Table 1 shows the average values of the physicochemical and physical parameters of the concentrated sugarcane juice and maltodextrin. The results shows that the concentrated sugarcane juice used in the experiments was within the range of operating conditions of the spray drying equipment (°Brix <50% and viscosity <600 cp). Furthermore, the drying process was more efficient because the sugarcane juice had a lower moisture content than the juice obtained from the initial extraction process (Guzmán and Castaño, 2002). The maltodextrin was a powder with low moisture that exhibited good solubility and added no flavor or odor to the final product (Kenyon, 1995; Wang and Wang, 2000).

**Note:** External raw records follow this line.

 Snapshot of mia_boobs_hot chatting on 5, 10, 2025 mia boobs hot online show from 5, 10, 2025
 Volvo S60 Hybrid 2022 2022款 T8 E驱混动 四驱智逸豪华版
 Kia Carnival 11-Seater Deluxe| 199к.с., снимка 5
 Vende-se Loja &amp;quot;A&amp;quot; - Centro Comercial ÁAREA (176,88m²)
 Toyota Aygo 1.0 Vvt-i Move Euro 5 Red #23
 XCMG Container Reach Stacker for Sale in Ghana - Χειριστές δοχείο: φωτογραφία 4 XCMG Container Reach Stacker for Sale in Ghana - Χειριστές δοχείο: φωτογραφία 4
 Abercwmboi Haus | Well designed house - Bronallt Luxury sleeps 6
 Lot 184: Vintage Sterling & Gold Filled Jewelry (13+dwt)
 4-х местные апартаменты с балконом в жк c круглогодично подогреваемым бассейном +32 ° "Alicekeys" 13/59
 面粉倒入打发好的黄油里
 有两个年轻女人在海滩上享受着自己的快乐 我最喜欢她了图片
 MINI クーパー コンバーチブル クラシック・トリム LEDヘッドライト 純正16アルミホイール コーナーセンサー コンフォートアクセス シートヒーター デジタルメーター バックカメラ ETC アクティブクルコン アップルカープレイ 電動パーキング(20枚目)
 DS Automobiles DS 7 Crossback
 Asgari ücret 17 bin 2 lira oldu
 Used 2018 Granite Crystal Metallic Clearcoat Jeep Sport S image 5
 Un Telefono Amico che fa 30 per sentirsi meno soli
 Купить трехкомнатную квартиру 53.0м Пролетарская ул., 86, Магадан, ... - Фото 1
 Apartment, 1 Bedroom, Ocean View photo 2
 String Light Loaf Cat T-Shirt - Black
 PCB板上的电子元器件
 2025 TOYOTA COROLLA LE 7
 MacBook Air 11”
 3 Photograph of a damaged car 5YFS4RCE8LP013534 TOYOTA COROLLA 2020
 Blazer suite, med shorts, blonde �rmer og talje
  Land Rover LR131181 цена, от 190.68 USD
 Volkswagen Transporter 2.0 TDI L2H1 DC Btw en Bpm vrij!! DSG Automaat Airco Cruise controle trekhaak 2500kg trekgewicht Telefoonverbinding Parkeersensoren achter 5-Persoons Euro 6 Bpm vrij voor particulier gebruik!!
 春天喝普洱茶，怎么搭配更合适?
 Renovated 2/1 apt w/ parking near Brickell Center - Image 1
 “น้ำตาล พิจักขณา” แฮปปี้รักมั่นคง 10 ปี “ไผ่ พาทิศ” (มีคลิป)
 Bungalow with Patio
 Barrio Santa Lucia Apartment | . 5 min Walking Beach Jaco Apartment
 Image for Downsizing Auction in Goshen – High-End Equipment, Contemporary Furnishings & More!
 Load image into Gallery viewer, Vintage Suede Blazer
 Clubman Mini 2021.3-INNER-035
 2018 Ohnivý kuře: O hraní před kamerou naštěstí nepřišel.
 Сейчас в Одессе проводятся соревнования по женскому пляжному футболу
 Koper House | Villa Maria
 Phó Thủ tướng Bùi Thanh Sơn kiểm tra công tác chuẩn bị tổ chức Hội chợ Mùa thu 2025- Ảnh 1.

For each experiment in the experimental design, three samples of the powder were taken when the system reached stable state conditions to observe the reproducibility. Table 2 shows the average values and the standard deviation of the response variables according to the experimental design. Figure 1 shows the response surface to moisture content (a), product recovery (b), deposit formation (c), solubility (d), and hygroscopicity (e) in relation to the studied factors. Table 3 shows the coefficients of the polynomial model for the response variables according to equation 1.

The minimum and maximum values obtained for the response variables were: moisture (0.86 - 1.40%), water activity (0.181 - 0.227), effective recovery (10.2 -91.3%), formation of deposits in the drying chambers (6.1 - 86.5%), solubility (97.87 - 98.09%), and hygroscopicity (6.16 - 17.2%).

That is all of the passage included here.